* _COLLECTED DATA_:

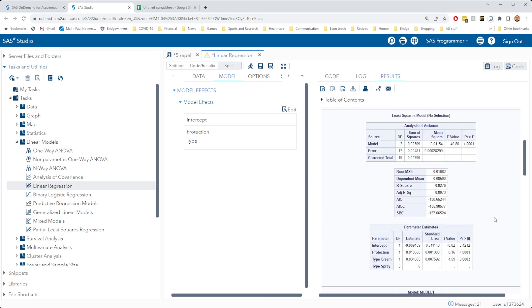Alrighty, there's our output. We have an overall significant model. We have a pretty high adjusted R-square of 80.73%. Both protection and type are very significant.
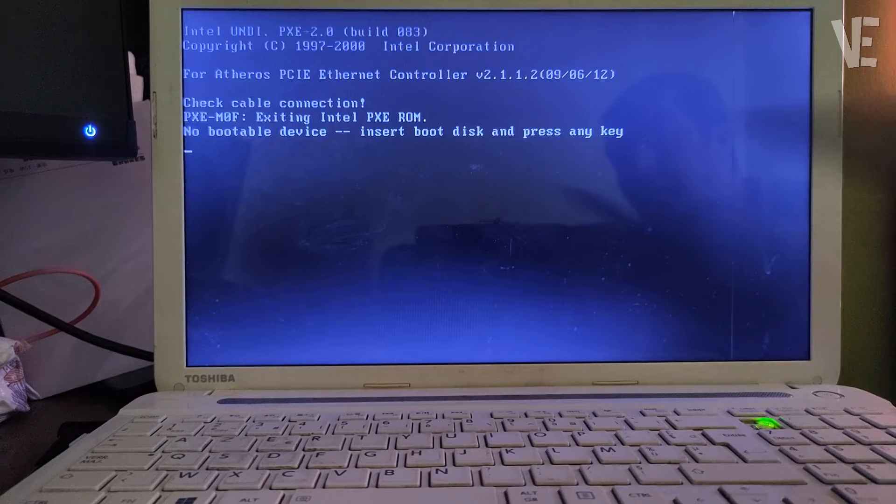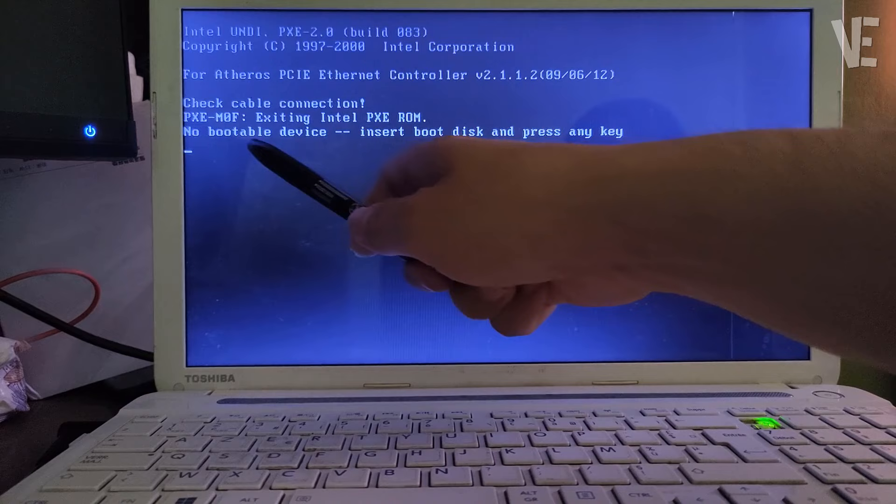Hi everyone, welcome to our channel. In today's video, we're going to look at how to fix the 'no bootable device, insert boot disk and press any key' error in old laptops and PCs.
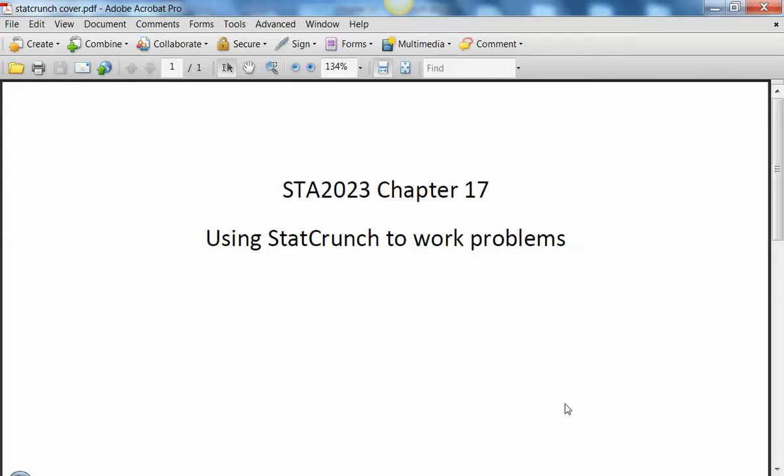Okay, I'm going to show you how to use StatCrunch to work a problem from Chapter 17. This will help you when you're working on your MyStatLab homework or your Chapter 17 quiz.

* _REQUIRED ACTION_:
Without including any picture, copy the listing above exactly and in full.

* _RESULT_:
Alrighty, there's our output. We have an overall significant model. We have a pretty high adjusted R-square of 80.73%. Both protection and type are very significant.
Hi everyone, welcome to our channel. In today's video, we're going to look at how to fix the 'no bootable device, insert boot disk and press any key' error in old laptops and PCs.
Okay, I'm going to show you how to use StatCrunch to work a problem from Chapter 17. This will help you when you're working on your MyStatLab homework or your Chapter 17 quiz.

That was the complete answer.